操業度に基づく原価 Fixed, Variable & Mixed Costs
操業度によるコストビヘイビアが異なる3種類の原価
操業度のレベルの変化に基づく原価には、大別すると、固定費(Fixed costs)、変動費(Variable costs)、混合原価(混合コスト: Mixed costs)がある。
分類 | 説明 | 例 |
---|---|---|
変動原価 | 操業度の高低に比例して発生額が変わる | 直接材料費、直接労務費 |
固定原価 | 正常操業度の範囲では発生額が変わらない | 減価償却費、賃貸料 |
混合原価 | 変動原価と固定原価の両方の性質を持つ | 電力料(基本料金=固定原価、従量課金=変動原価) |
日本語圏ではあまり見慣れない(聞きなれない)混合原価は、固定費と変動費の性質を併せ持つものでいくつかのパターンがある。
操業度 level of activity
ここでの activity の訳語に「操業度」を採用しているが、これは、製品・サービスの生産活動量の水準を指すものとざっくり理解してもらいたい。
生産活動量を目に見える形で測定するには、従来は、生産活動に使用した原材料の数量(トン、m、個など)や、直接工による直接作業時間(分や時間)を用いていた。
その他、完成品または完成品を想起させるほぼ類似する仕掛品の生産個数、作業回数(バッチやイベントなど)、プロジェクト(製造指図書など)でも代用できる。
これらは、見方を変えると、直接材料費や直接加工費を生産活動の対象となる製品・サービスに直課(賦課)するその基準のことを操業度として理解できるということ。
製品ひとつ作り出すのに、材料を10kg消費することが分かっているなら、材料を総計で100kg消費した場合は、製品10個に対する生産活動を行ったことが分かるし、消費量が500kgならば、製品50個分に相当する。500kgは100kgより5倍の操業度(5倍の生産活動水準)であるというわけだ。
操業度と原価分類
本稿は、操業度の違いによって異なるコストビヘイビア(原価の発生態様)を説明するのが主眼の稿だが、本題に入る前に、以前に言及した「製品原価・期間原価」と操業度の関係を整理しておきたい。
製品原価は、在庫計算を通じて、当期の売上原価と棚卸資産(原材料/仕掛品/完成品)に区別される。
そして、製品原価は、直接費と製造間接費に分けることができる。
直接費にカテゴライズされる、直接材料費ならば消費財量数量、直接労務費ならば、直接作業時間という直課(賦課)と操業度を測る基準を同一にすることができるため、直接費のほとんどは操業度の水準次第で発生額が左右されてしまう原価に分類されることはイメージできる。
一方で、発生時は期間原価扱いだけれども、たまたま製造部門で発生したものは製造間接費として在庫計算の対象とすることが原価計算制度(制度会計における原価計算の守るべきルール)で定められている。
製造間接費は、製品との関係では在庫計算を通すという意味で、やはり製品原価の一種となり、配賦することによって、ひとつずつの製品・サービスにひもづけられることになる。
原価分類 | 原価の 発生時 | 製品への ひもづけ時 | 損益への 反映時 | 操業度で 原価分類 |
---|---|---|---|---|
形態別/直間別 | 期間原価 | 製品原価 | 総原価 | 固変分解 |
直接材料費 | – | 直課(賦課) | 在庫計算 | 変動費 |
直接労務費 | – | 直課(賦課) | 在庫計算 | 変動費 |
製造間接費 | 〇 | 配賦 | 在庫計算 | 固定費 |
販管費 | 〇 | – | 期間按分 | 固定費 |
細かいところをつつけばいくつでも例外はあげられるけれども、上表で説明している限りにおいては、次の2点が大事なポイントになる。

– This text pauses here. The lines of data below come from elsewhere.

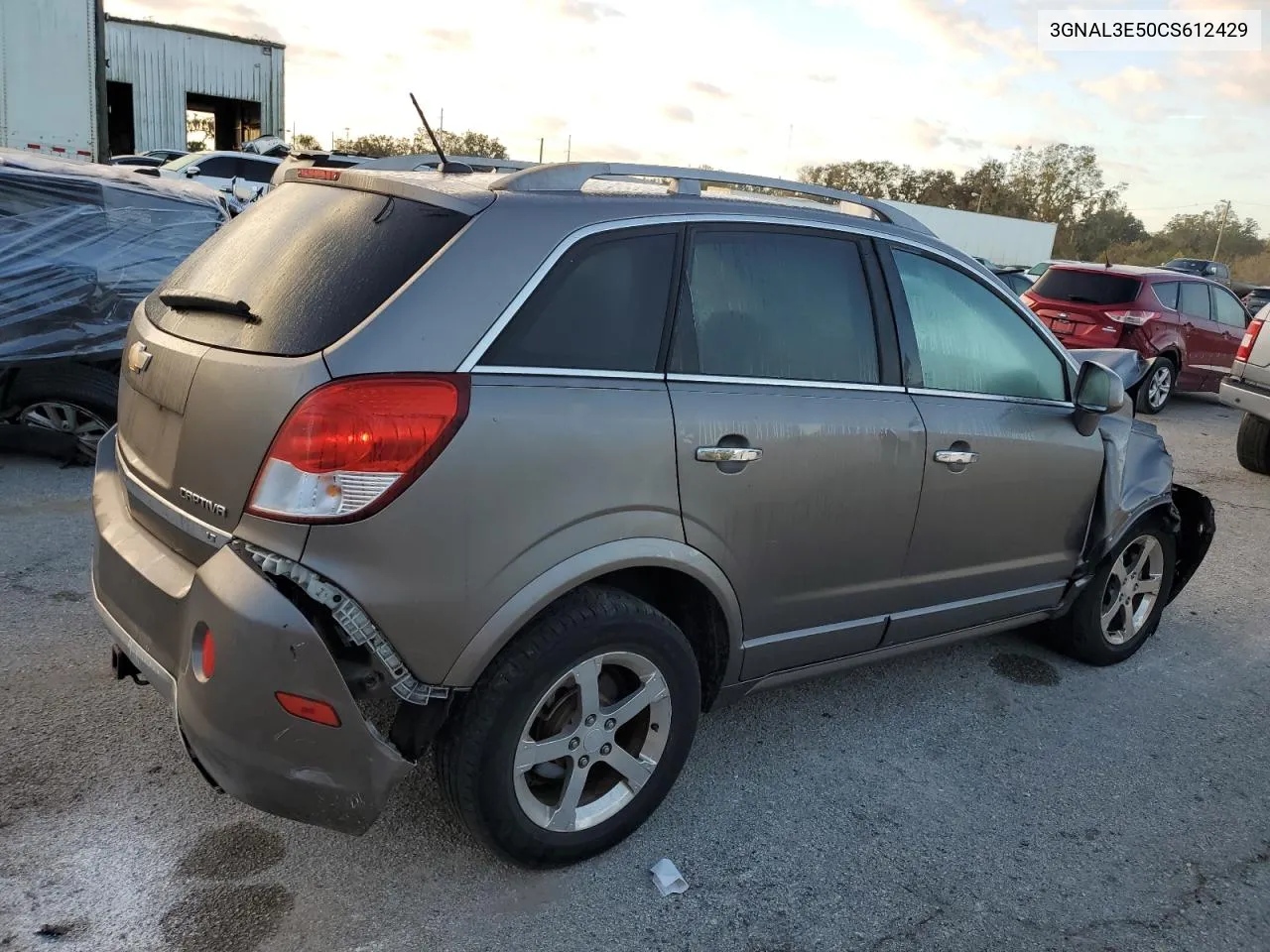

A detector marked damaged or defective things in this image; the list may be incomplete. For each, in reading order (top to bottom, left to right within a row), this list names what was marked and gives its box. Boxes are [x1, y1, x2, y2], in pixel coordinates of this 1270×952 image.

damaged rear bumper [93, 431, 411, 832]
dented front bumper [93, 431, 411, 832]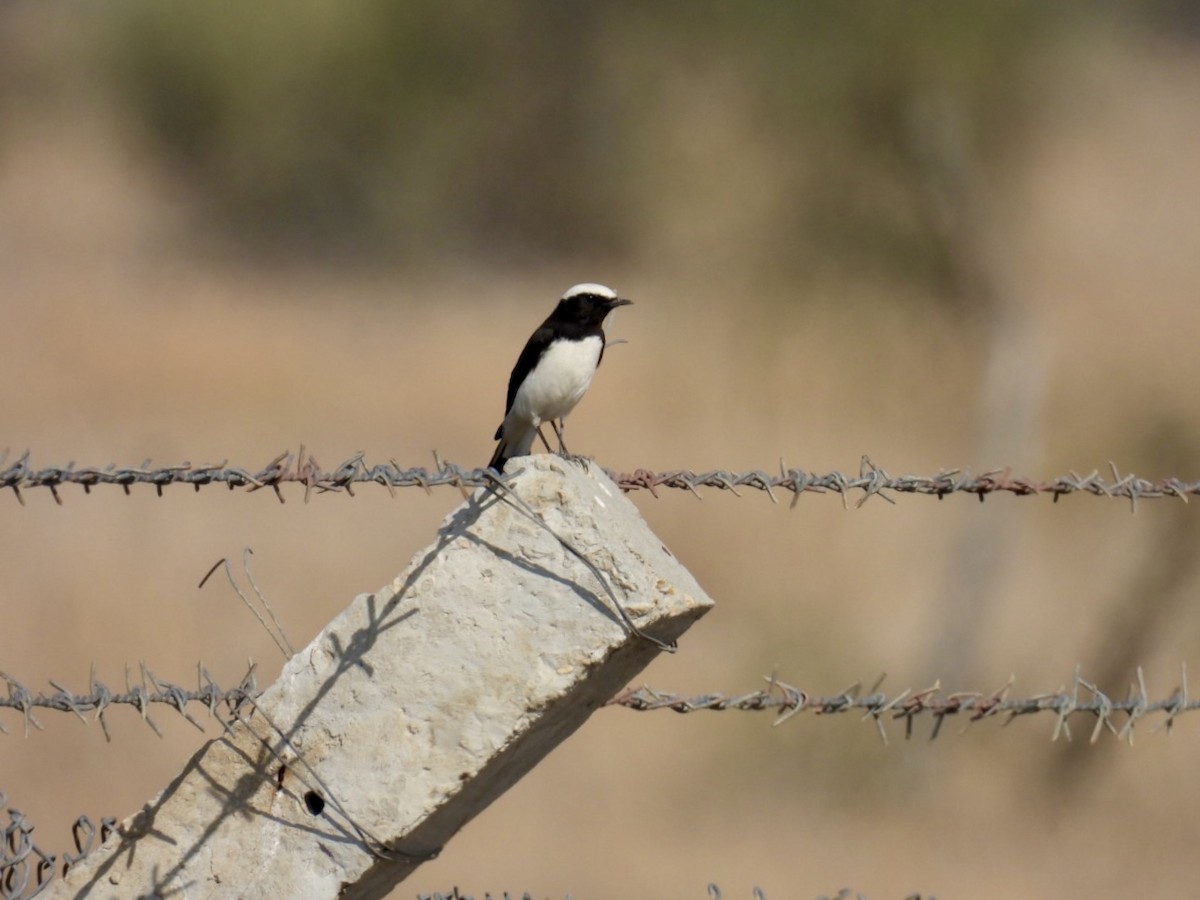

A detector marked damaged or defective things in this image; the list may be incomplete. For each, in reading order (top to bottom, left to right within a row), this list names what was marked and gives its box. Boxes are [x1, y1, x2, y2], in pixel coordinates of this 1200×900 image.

rusty barbed wire [2, 448, 1200, 506]
rusty barbed wire [0, 656, 258, 740]
rusty barbed wire [616, 664, 1192, 740]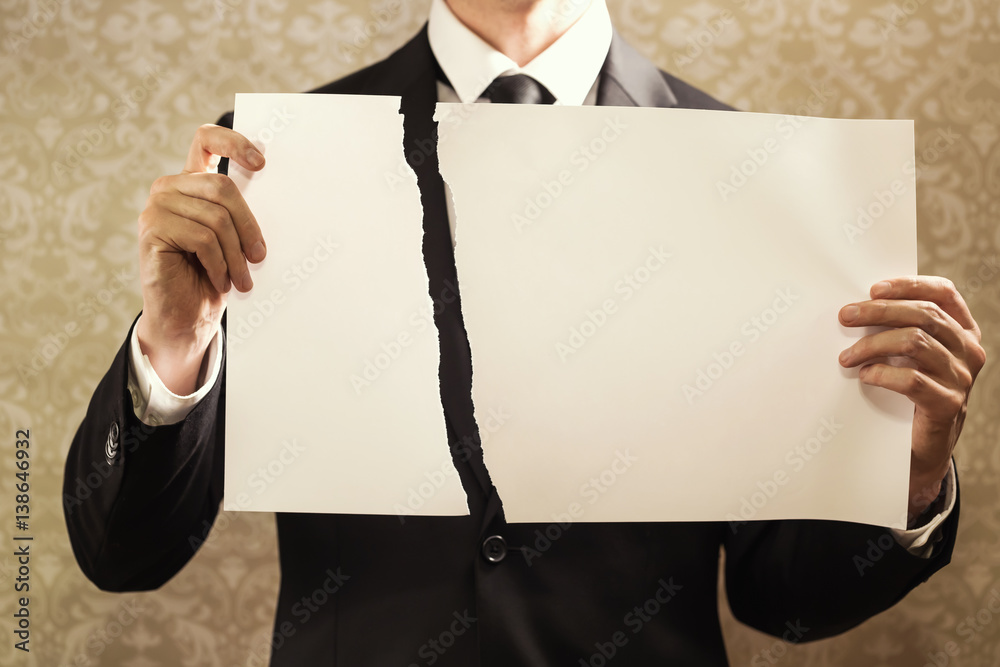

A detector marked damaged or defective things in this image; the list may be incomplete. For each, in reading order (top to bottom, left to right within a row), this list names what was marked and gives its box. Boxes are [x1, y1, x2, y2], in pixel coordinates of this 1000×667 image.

torn white paper [225, 92, 466, 516]
torn white paper [438, 103, 916, 528]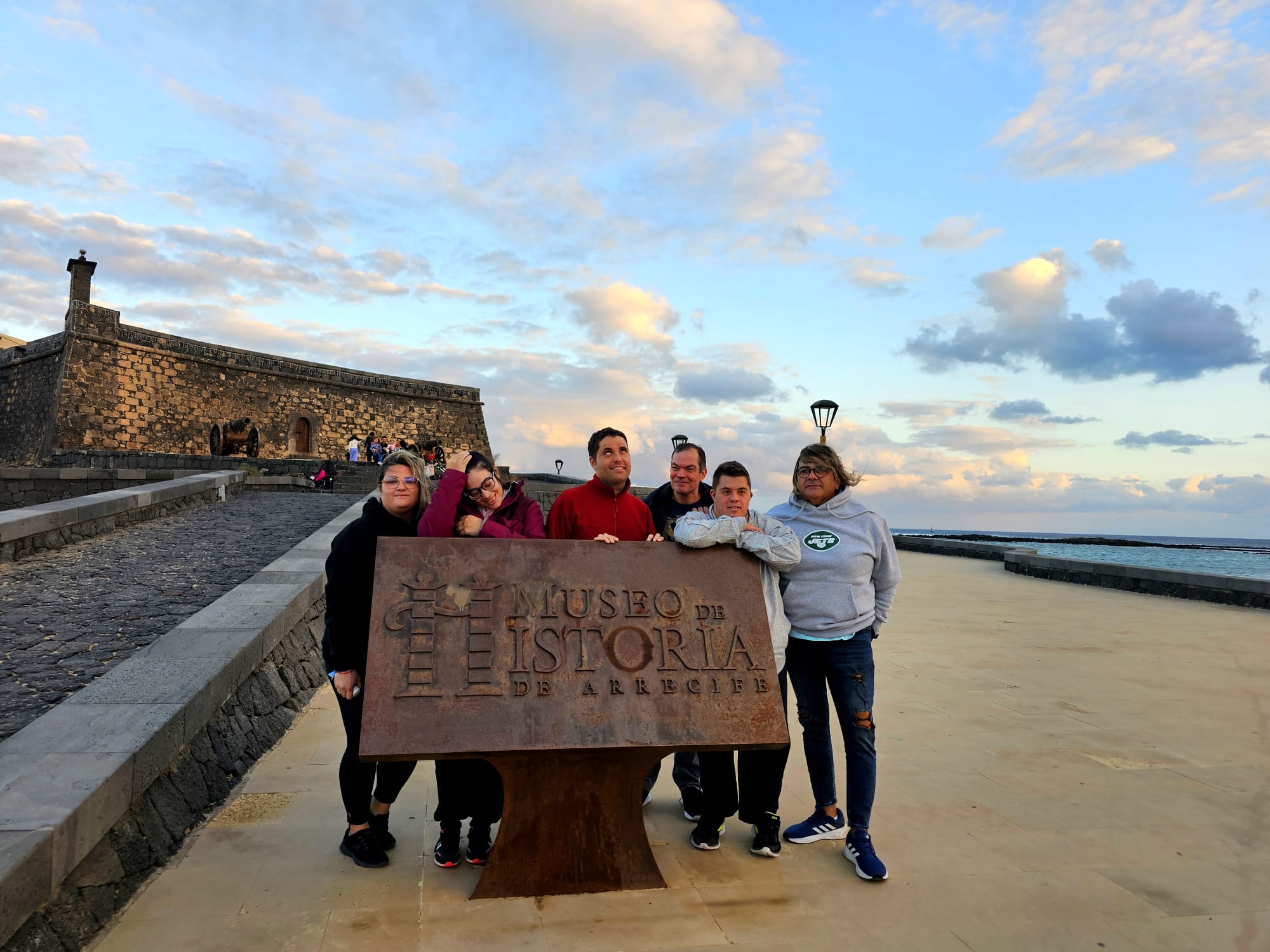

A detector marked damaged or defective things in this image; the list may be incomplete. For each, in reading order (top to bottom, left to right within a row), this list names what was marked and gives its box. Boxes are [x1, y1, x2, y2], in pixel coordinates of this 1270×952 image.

rusty metal sign [363, 541, 787, 767]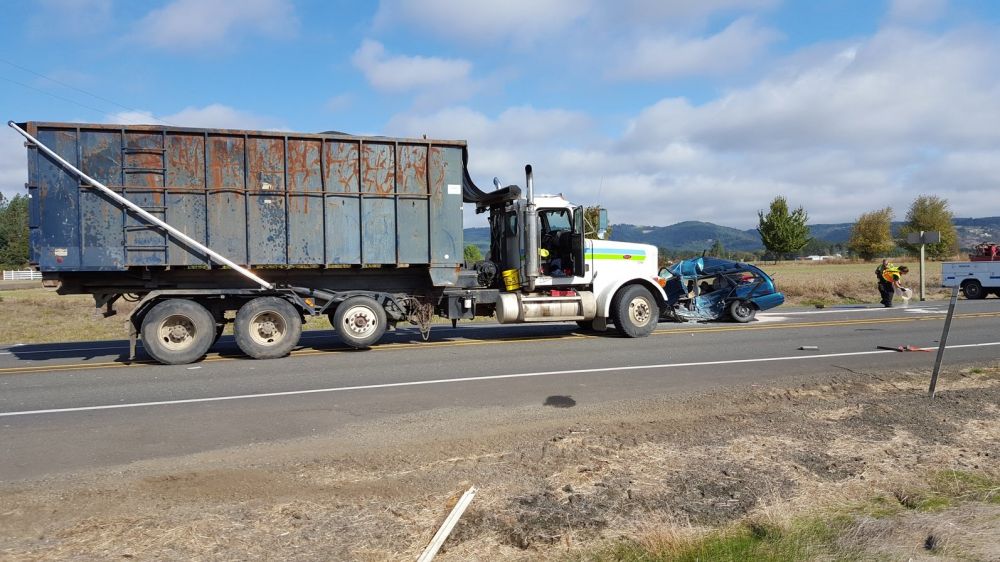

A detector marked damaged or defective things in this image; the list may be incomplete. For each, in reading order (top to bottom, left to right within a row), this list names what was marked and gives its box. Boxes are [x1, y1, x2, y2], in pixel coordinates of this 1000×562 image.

severely damaged car [660, 256, 784, 322]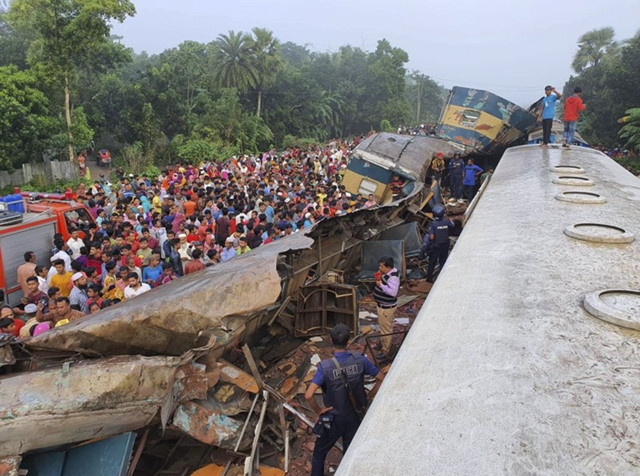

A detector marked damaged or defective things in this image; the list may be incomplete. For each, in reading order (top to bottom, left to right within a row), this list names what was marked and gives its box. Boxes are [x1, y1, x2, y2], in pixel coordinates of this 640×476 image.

torn metal sheet [24, 234, 312, 356]
torn metal sheet [0, 356, 205, 458]
torn metal sheet [172, 402, 248, 450]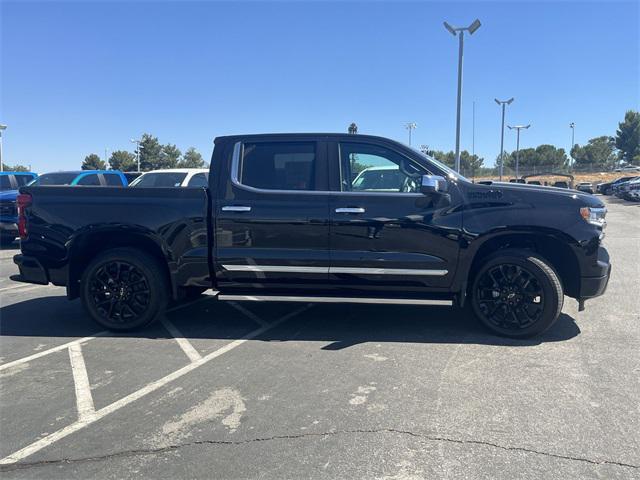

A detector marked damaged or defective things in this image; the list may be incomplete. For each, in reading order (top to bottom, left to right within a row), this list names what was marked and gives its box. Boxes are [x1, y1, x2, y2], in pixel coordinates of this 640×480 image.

cracked pavement [1, 197, 640, 478]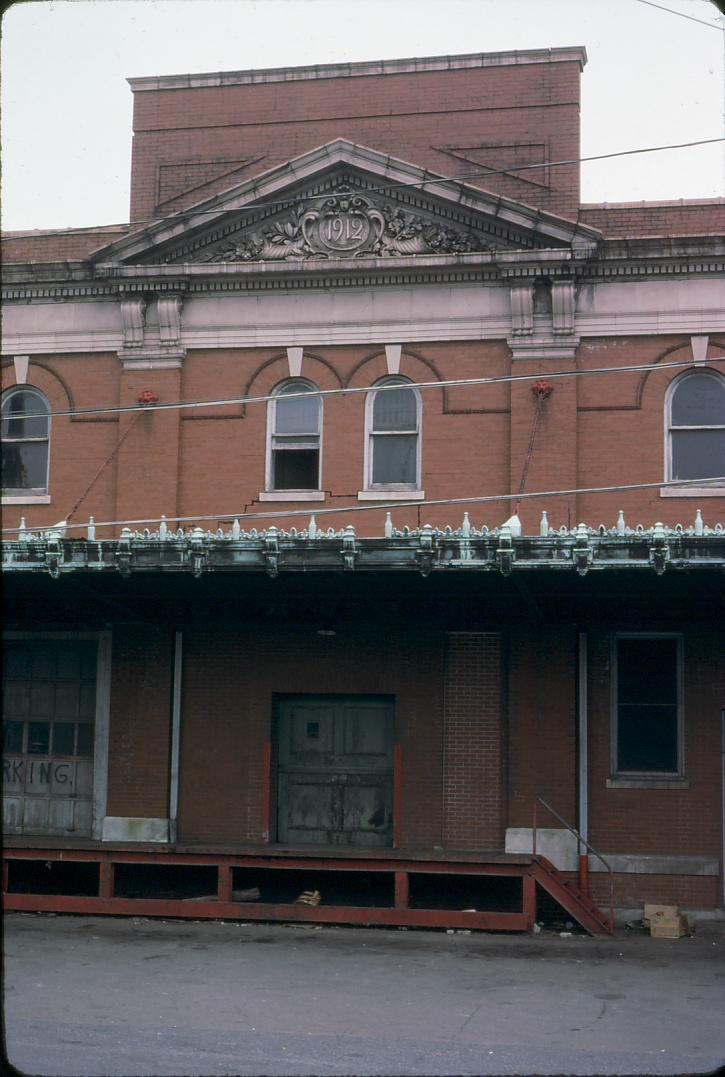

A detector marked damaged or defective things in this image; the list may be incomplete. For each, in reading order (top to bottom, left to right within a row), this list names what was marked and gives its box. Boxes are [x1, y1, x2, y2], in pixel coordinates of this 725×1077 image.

door with peeling paint [2, 641, 96, 835]
door with peeling paint [275, 697, 389, 848]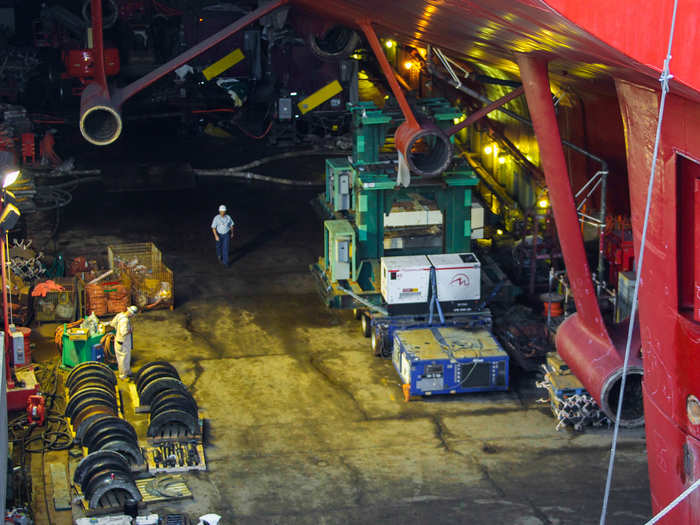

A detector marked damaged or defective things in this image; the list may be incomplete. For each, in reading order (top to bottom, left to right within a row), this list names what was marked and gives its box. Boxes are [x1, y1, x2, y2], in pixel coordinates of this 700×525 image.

制度会計による公表用財務諸表のひとつである損益計算書(P/L)を変動原価と固定原価で表す変動損益計算書に組み替えるための計算技法やツールが広く知られている。
それらはひとえに、制度会計と管理会計とで製造間接費のどの部分を当期の原価とするかの計算方法に違いが生じるからである。
もちろん、当期の原価範囲を変えるわけだから、当然、計算されるべき期間損益も異なる。2つの期間損益を見せられた人は、いったいどちらが真正なる期間損益なのか、頭をひねることになるのだが。その解決策はまた別稿で触れることにする。